June 8, 2012 at 11:30 pm (movies)

“Night of the Blood Cult” starts – classicaly – with a scene from the golden days when the Templars were alive and chirpy. Cut, the present. A young doctor and his beloved wife move to a small village in Spain, the houses look like heaps of stone. The villagers are even worse: not very talkative, hostile, and repulsive. To make things even worse, they’re aiding the evil Templars who claim virgins every seven years. Also, they – and this doesn’t make them any more likeable – beat the idiot of the village who seeks refuge with the young couple. Things go as they always do: The young couple meddles with the villagers’ business, defying all omens and warnings because the life of  a young girl is at stake – a young girl who’s been tied to a rock at the beach by the villagers, awaiting her dreadful fate clad in a tiny white sheet.

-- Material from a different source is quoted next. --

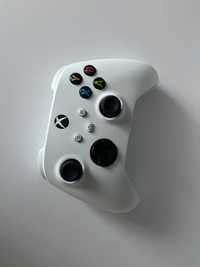 xbox series s z padem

Our young doctor isn’t impressed by the approaching Templars, cuts the girl’s shackles and runs off with her . Cut: The villagers, though not very talkative but clearly equipped with a sixth sense, leave the village. Cut: Our hero and the maid are positioned in the doctor’s kitchen. Confusion: When did they escape? How? Where are the Templars?

Templar afficionados know: The rotting chaps won’t be far away. They are aided by the villagers who steal our heroes’ car. It’s a scandal! What to do? There’s only one thing: nail up windows and doors! But this won’t hold back our Templars, oh no! They find a way into the house, one of them burning up on the way. We have to witness how the Templars slaughter the village idiot and how the remaining heroes flee to the house’s roof – there’s a way out. To heighthen the tension, the wife all of a sudden displays fear of heights (we’re on the first floor), becomes hysterical and refuses to climb down: “I’ll stay here!” That being said, she turns to the attic (on the first floor!!) but, oh no, the Templars have already realised what’s going on and are slowly approaching our heroine.  Squealing, cries for help, and out the window she goes. Her husband, already pretty stressed out, advises her: “Stop squealing and jump down!” Oh, what a guy!

Seconds of squabbling later, our heroes mount the Templars’ horses. This can’t be good. The beasts have their own mind and want to go back to the castle. Following the rider’s orders? You bet. While galopping in slow motion across the beach, a virgin plummets into the sea and is being slaughtered by the Templars while our heroic couple arrives at the stronghold. Here, they are awaited by a committe – yes, that’s right, more Templars! The couple flees into a room which turns out to be a temple – easily discerned by the idol which has the doctor mutate into an expert of anthropology in seconds. It’s all clear now: His beloved wife is the next victim *gasp* The young woman from the village has broken the Templars’ rigid laws and is no longer worthy of being sacrificed. And that idol! A sea monster, according to our heroic doctor who already has a cure at hand: destruction. Destroy the ugly fish-like statue.  It’s getting pretty exciting again because some Templars seem to have overslept all the action and now rise from their graves. But, alas, the idol crumbles. The Templars crumble as well and – for excitement – bleed from their eyesockets. Cut to the beach: Here we find some more sorry remnants of the evil Templars. Cut. Fin.

You see: Amando de Ossorio has raised the excitement movie to movie. While part 1 focussed on escaping the Templars during one night, part 4 focusses on tragedy and drama: the poor village idiot who is beaten up for no apparent reason; the non-communicating villagers who are also very hostile to strangers and who are terrorized by the blood-thirsty Templars; the despairing parents who lost their daughters to the Templars, etc. The Templars are not the main focus. They are granted rare but yet effective appeareances. And: more blood!

Before I finish, I’d like to give you a little piece of advice: Don’t watch these movies by yourself. Grab some friends, some crisps, some popcorn, some beer and have an entertaining evening of trash!